WORK TO COMPLETE — Exactly the lines from the line containing "SSR-240D25R Solid State Relay" through the final line of the entries below must be returned, and only those, without pictures.

Short web captions
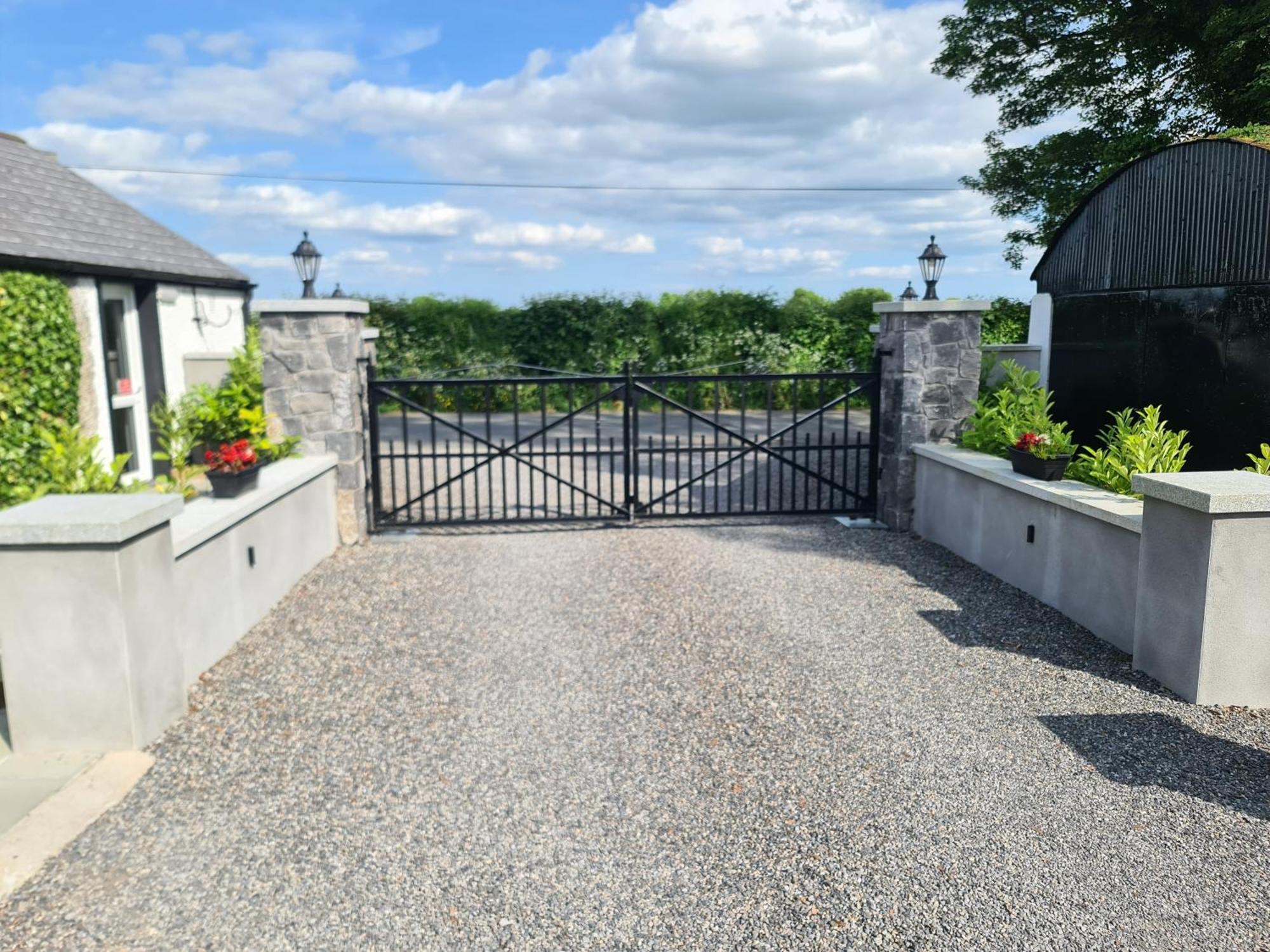 Dunderry Self Catering Family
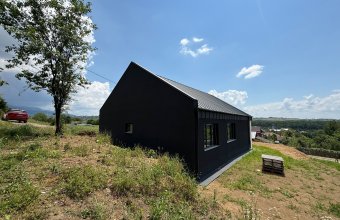 Casa individuala Tăuții de Sus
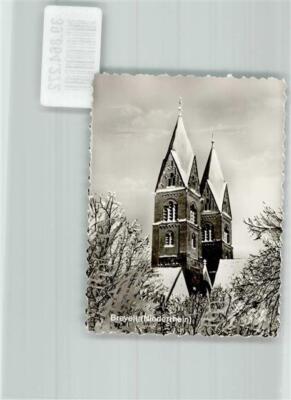 39864272 - 4054 Breyell Kirche St. Lambertus Foto Original aus Archiv eines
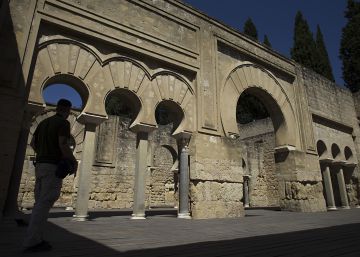 Medina Azahara, nuevo Patrimonio Mundial de la Humanidad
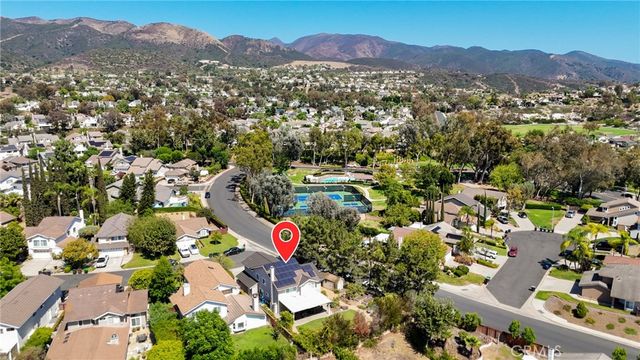 21151 Wood Hollow Lane, Rancho Santa Margarita, CA 92679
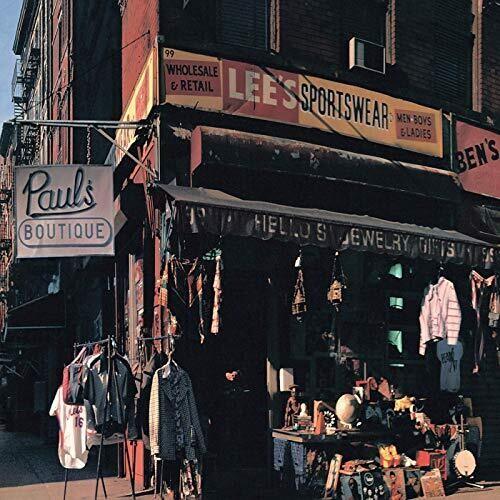 Beastie Boys- Paul's Boutique (30th Anniversary Edition) [ VINYL LP ]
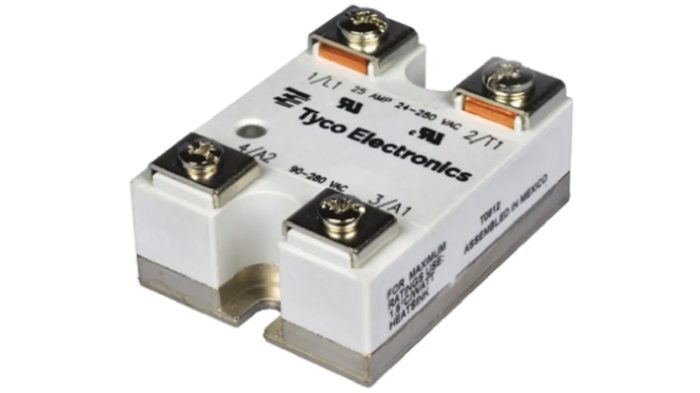 SSR-240D25R Solid State Relay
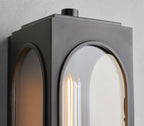 Palladia Outdoor Wall Sconce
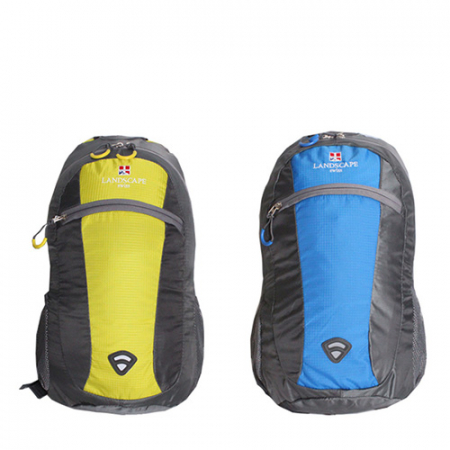 WS8930C 간편 등산 배낭 #2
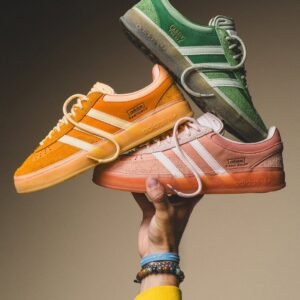 ADIDAS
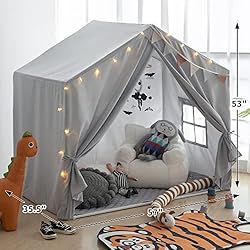 Kids Play Tent, Razee Large Playhouse Tent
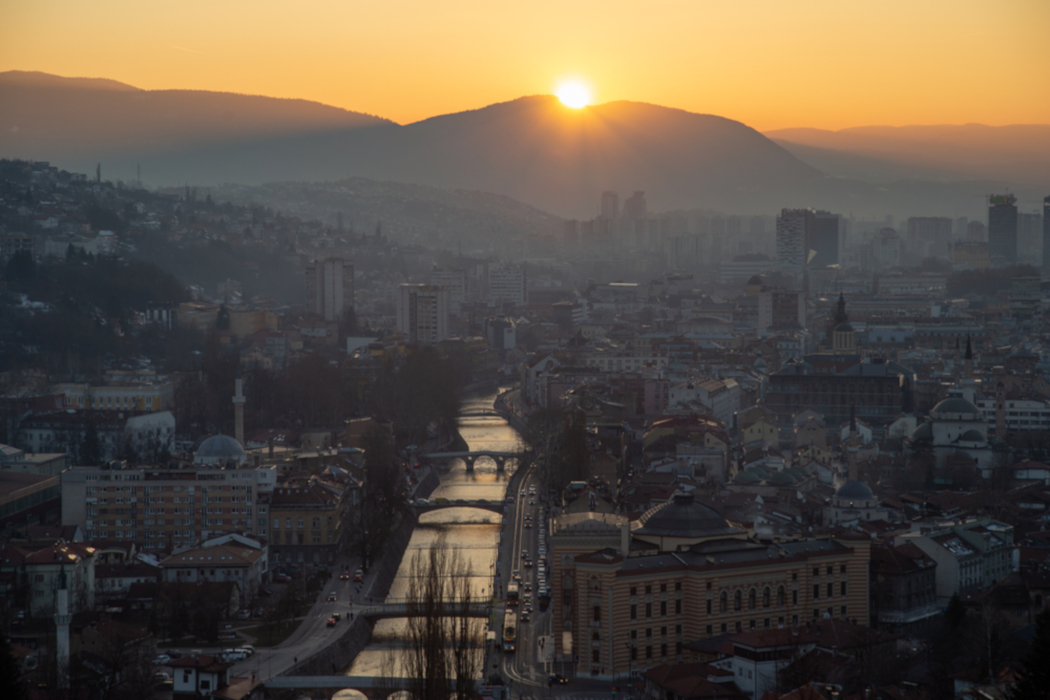 Sarajevo - foto Nedim Zdaka - Shutterstock.jpg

REPLY TO THE EXERCISE —
 SSR-240D25R Solid State Relay
 Palladia Outdoor Wall Sconce
 WS8930C 간편 등산 배낭 #2
 ADIDAS
 Kids Play Tent, Razee Large Playhouse Tent
 Sarajevo - foto Nedim Zdaka - Shutterstock.jpg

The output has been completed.